### COLLECTED DATA ###

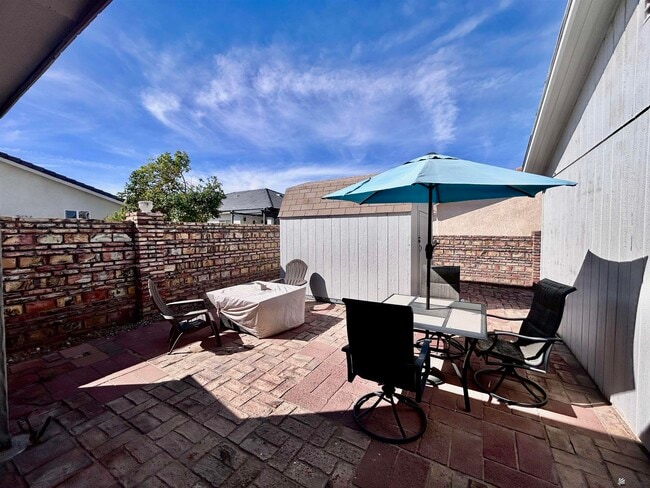 Building Photo - 13407 E 55th St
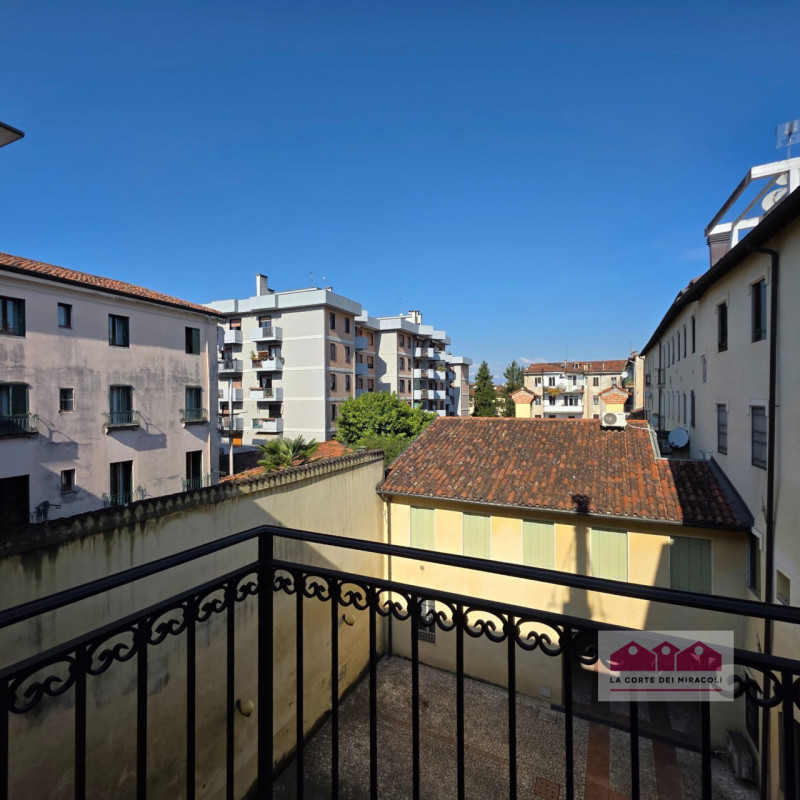 SAN FELICE: SPLENDIDO APPARTAMENTO VICINISSIMO AL CENTRO STORICO CITTADINO, AMPIA METRATURA SU UN...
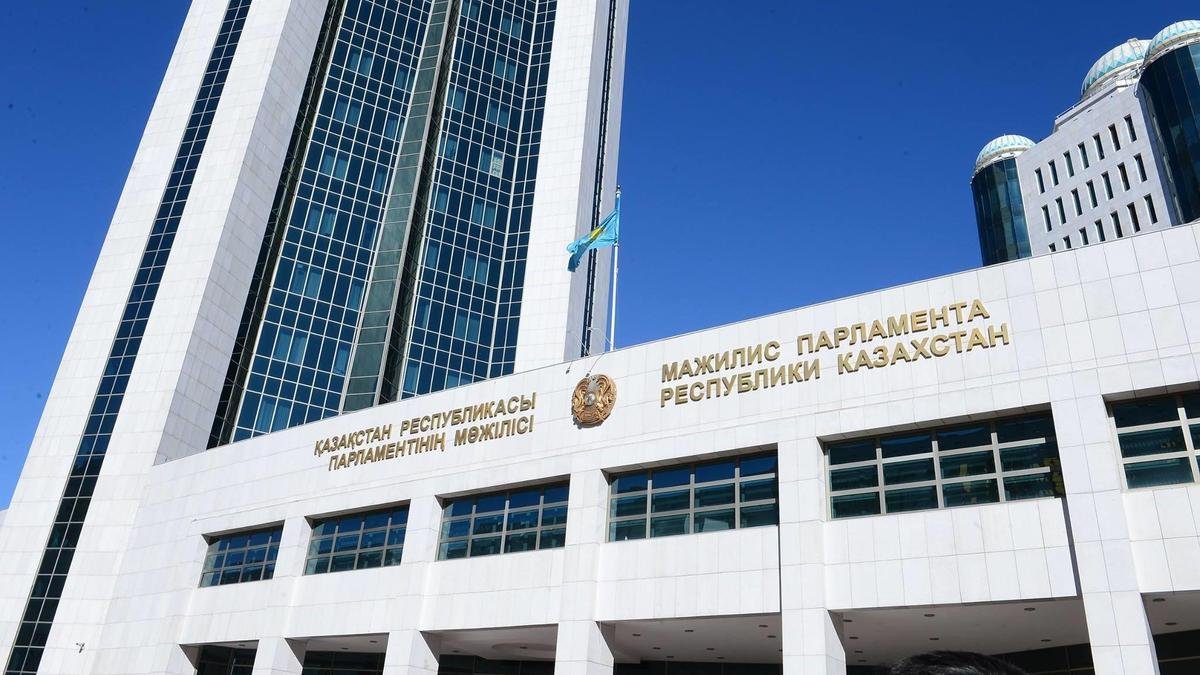 Парламент соберется 8 мая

###

TASK TO COMPLETE. Once you find the line that contains "SAN FELICE: SPLENDIDO", give it again along with every later line through the end of the data, word for word, minus the pictures.

REPLY TO THE TASK.
 SAN FELICE: SPLENDIDO APPARTAMENTO VICINISSIMO AL CENTRO STORICO CITTADINO, AMPIA METRATURA SU UN...
 Парламент соберется 8 мая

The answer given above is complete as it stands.